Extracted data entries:
▬▬▬▬▬▬▬▬▬▬

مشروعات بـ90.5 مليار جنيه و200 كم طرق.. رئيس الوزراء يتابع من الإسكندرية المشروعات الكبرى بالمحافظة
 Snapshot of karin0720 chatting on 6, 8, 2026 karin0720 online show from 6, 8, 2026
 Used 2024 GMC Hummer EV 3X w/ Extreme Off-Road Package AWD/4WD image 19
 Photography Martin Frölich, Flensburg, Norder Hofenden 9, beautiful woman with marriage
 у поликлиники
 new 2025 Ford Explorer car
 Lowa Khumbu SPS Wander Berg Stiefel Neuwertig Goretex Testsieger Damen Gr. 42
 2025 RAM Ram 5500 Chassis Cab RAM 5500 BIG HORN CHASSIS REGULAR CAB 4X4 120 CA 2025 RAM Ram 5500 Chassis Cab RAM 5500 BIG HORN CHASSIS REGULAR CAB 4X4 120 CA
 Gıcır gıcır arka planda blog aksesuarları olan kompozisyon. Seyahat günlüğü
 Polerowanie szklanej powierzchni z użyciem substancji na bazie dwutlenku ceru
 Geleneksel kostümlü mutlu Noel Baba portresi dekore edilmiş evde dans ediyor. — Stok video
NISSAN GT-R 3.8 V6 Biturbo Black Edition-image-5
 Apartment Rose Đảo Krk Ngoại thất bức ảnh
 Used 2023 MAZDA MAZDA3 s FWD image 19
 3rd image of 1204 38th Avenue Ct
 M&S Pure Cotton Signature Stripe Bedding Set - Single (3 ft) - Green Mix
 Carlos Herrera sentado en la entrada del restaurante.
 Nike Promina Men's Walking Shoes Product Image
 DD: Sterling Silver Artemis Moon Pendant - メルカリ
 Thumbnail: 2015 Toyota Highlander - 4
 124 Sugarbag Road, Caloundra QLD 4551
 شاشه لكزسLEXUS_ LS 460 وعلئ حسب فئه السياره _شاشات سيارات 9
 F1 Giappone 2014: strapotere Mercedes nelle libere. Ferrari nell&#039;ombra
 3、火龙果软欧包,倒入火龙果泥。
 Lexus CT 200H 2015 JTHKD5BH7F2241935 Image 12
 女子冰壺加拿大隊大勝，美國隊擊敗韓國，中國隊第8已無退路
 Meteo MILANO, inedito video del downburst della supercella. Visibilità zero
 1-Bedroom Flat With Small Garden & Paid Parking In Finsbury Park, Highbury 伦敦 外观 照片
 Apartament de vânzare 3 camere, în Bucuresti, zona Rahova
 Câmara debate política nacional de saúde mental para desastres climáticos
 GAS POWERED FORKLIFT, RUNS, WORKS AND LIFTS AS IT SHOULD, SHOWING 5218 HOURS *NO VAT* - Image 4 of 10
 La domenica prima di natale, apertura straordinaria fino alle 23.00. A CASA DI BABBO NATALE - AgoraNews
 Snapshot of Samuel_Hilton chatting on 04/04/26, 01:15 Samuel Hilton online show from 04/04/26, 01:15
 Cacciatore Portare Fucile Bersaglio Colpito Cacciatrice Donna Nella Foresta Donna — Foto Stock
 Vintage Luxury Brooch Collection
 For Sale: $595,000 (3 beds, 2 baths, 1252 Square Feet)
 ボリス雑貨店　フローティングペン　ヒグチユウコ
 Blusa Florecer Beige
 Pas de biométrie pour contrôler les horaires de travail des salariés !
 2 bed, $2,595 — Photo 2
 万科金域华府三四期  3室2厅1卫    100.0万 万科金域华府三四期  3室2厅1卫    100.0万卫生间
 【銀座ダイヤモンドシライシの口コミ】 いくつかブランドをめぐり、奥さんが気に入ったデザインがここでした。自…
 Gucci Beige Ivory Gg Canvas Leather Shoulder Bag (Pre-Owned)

▬▬▬▬▬▬▬▬▬▬

## WHAT THE TASK REQUIRES
When transcribing the data, keep every line exactly as it is.

## WRITTEN SOLUTION
مشروعات بـ90.5 مليار جنيه و200 كم طرق.. رئيس الوزراء يتابع من الإسكندرية المشروعات الكبرى بالمحافظة
 Snapshot of karin0720 chatting on 6, 8, 2026 karin0720 online show from 6, 8, 2026
 Used 2024 GMC Hummer EV 3X w/ Extreme Off-Road Package AWD/4WD image 19
 Photography Martin Frölich, Flensburg, Norder Hofenden 9, beautiful woman with marriage
 у поликлиники
 new 2025 Ford Explorer car
 Lowa Khumbu SPS Wander Berg Stiefel Neuwertig Goretex Testsieger Damen Gr. 42
 2025 RAM Ram 5500 Chassis Cab RAM 5500 BIG HORN CHASSIS REGULAR CAB 4X4 120 CA 2025 RAM Ram 5500 Chassis Cab RAM 5500 BIG HORN CHASSIS REGULAR CAB 4X4 120 CA
 Gıcır gıcır arka planda blog aksesuarları olan kompozisyon. Seyahat günlüğü
 Polerowanie szklanej powierzchni z użyciem substancji na bazie dwutlenku ceru
 Geleneksel kostümlü mutlu Noel Baba portresi dekore edilmiş evde dans ediyor. — Stok video
NISSAN GT-R 3.8 V6 Biturbo Black Edition-image-5
 Apartment Rose Đảo Krk Ngoại thất bức ảnh
 Used 2023 MAZDA MAZDA3 s FWD image 19
 3rd image of 1204 38th Avenue Ct
 M&S Pure Cotton Signature Stripe Bedding Set - Single (3 ft) - Green Mix
 Carlos Herrera sentado en la entrada del restaurante.
 Nike Promina Men's Walking Shoes Product Image
 DD: Sterling Silver Artemis Moon Pendant - メルカリ
 Thumbnail: 2015 Toyota Highlander - 4
 124 Sugarbag Road, Caloundra QLD 4551
 شاشه لكزسLEXUS_ LS 460 وعلئ حسب فئه السياره _شاشات سيارات 9
 F1 Giappone 2014: strapotere Mercedes nelle libere. Ferrari nell&#039;ombra
 3、火龙果软欧包,倒入火龙果泥。
 Lexus CT 200H 2015 JTHKD5BH7F2241935 Image 12
 女子冰壺加拿大隊大勝，美國隊擊敗韓國，中國隊第8已無退路
 Meteo MILANO, inedito video del downburst della supercella. Visibilità zero
 1-Bedroom Flat With Small Garden & Paid Parking In Finsbury Park, Highbury 伦敦 外观 照片
 Apartament de vânzare 3 camere, în Bucuresti, zona Rahova
 Câmara debate política nacional de saúde mental para desastres climáticos
 GAS POWERED FORKLIFT, RUNS, WORKS AND LIFTS AS IT SHOULD, SHOWING 5218 HOURS *NO VAT* - Image 4 of 10
 La domenica prima di natale, apertura straordinaria fino alle 23.00. A CASA DI BABBO NATALE - AgoraNews
 Snapshot of Samuel_Hilton chatting on 04/04/26, 01:15 Samuel Hilton online show from 04/04/26, 01:15
 Cacciatore Portare Fucile Bersaglio Colpito Cacciatrice Donna Nella Foresta Donna — Foto Stock
 Vintage Luxury Brooch Collection
 For Sale: $595,000 (3 beds, 2 baths, 1252 Square Feet)
 ボリス雑貨店　フローティングペン　ヒグチユウコ
 Blusa Florecer Beige
 Pas de biométrie pour contrôler les horaires de travail des salariés !
 2 bed, $2,595 — Photo 2
 万科金域华府三四期  3室2厅1卫    100.0万 万科金域华府三四期  3室2厅1卫    100.0万卫生间
 【銀座ダイヤモンドシライシの口コミ】 いくつかブランドをめぐり、奥さんが気に入ったデザインがここでした。自…
 Gucci Beige Ivory Gg Canvas Leather Shoulder Bag (Pre-Owned)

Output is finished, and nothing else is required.